[Task to carry out]
In the entries below, every line that contains "Vintage" must be located and copied.

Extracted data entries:
╔══

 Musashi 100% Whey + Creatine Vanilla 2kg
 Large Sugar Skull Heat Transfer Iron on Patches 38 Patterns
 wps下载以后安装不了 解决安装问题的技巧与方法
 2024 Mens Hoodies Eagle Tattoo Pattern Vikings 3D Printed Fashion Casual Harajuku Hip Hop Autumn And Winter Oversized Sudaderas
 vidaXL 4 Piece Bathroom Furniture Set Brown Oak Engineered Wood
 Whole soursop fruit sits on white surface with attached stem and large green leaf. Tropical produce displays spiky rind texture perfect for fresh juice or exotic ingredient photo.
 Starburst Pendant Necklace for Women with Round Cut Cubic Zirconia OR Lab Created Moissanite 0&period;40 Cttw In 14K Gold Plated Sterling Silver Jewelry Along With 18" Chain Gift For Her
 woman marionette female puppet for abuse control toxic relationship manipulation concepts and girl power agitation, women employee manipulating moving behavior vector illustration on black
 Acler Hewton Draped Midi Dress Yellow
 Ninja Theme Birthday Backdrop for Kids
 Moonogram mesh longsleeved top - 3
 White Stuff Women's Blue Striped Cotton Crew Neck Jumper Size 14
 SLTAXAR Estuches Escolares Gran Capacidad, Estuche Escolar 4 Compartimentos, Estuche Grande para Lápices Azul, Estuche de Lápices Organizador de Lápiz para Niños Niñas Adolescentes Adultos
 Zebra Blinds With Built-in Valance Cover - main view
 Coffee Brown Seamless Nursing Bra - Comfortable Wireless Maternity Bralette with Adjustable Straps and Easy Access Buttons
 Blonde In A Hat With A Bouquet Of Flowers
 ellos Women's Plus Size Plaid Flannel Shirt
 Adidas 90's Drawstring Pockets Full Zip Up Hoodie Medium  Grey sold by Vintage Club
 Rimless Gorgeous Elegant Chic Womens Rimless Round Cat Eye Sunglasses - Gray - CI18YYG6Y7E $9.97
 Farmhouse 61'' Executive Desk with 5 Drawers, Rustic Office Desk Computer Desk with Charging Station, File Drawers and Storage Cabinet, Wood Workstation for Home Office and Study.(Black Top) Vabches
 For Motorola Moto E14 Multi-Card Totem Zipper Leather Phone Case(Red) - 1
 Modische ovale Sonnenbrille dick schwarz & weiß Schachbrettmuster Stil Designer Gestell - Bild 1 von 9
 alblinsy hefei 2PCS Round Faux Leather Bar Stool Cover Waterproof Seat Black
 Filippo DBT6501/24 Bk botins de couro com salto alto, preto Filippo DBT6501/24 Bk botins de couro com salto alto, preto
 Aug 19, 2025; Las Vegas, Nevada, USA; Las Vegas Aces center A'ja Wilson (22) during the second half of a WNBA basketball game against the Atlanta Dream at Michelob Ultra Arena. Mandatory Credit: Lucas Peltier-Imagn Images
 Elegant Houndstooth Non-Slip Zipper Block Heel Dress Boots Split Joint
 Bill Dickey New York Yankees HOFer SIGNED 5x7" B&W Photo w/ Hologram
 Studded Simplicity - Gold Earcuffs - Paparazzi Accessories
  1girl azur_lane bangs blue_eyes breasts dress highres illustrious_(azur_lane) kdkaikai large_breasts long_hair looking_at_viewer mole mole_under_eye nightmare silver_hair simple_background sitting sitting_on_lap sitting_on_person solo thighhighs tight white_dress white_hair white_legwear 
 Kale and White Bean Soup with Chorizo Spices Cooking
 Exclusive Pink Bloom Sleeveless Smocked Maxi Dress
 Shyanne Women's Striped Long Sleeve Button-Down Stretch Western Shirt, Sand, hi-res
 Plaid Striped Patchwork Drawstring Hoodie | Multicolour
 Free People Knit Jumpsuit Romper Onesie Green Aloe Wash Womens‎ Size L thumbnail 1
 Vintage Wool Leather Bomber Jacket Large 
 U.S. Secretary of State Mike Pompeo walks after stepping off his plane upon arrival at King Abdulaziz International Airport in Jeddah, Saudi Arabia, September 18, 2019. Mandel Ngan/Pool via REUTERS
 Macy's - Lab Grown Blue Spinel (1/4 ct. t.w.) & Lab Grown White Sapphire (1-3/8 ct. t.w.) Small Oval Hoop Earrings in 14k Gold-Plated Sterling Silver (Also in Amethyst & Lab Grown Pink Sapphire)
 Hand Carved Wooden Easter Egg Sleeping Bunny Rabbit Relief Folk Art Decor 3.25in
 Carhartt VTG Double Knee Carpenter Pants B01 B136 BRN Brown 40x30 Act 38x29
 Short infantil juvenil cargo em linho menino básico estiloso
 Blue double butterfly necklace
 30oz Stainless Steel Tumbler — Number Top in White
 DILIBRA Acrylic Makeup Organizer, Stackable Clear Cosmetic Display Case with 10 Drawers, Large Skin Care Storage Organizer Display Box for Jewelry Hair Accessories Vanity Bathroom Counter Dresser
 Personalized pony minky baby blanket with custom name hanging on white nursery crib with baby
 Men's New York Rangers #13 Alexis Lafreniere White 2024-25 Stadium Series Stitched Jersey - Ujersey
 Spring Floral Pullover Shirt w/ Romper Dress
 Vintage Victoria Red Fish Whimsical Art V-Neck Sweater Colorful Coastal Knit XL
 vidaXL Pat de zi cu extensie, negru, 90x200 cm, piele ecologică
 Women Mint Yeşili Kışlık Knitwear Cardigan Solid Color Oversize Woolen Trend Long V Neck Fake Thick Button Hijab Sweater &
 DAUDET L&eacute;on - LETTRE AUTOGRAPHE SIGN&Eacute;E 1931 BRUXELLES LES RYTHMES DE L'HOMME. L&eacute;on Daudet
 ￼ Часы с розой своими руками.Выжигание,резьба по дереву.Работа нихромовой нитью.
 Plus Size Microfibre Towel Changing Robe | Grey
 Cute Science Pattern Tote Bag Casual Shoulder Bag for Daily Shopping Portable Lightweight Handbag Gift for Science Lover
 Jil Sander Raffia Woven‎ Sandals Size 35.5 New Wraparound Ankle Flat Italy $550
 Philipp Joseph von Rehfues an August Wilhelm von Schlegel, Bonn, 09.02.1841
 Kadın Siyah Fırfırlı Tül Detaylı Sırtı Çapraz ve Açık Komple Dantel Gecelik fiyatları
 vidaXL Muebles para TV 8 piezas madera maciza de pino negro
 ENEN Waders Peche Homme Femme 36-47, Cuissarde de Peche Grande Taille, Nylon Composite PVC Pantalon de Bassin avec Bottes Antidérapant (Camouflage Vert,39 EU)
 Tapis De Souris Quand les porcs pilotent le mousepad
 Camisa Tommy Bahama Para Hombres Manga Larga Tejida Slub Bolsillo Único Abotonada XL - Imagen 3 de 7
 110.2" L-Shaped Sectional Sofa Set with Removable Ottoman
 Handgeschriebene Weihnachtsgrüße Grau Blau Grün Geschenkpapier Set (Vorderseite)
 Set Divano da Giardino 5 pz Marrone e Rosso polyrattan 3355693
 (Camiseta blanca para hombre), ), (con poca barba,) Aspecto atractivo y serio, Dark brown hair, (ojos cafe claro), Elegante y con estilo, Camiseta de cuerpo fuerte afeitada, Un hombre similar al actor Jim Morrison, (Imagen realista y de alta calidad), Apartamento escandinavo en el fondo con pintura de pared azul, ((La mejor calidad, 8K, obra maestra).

╚══

[Response area]
 Adidas 90's Drawstring Pockets Full Zip Up Hoodie Medium  Grey sold by Vintage Club
 Vintage Wool Leather Bomber Jacket Large 
 Vintage Victoria Red Fish Whimsical Art V-Neck Sweater Colorful Coastal Knit XL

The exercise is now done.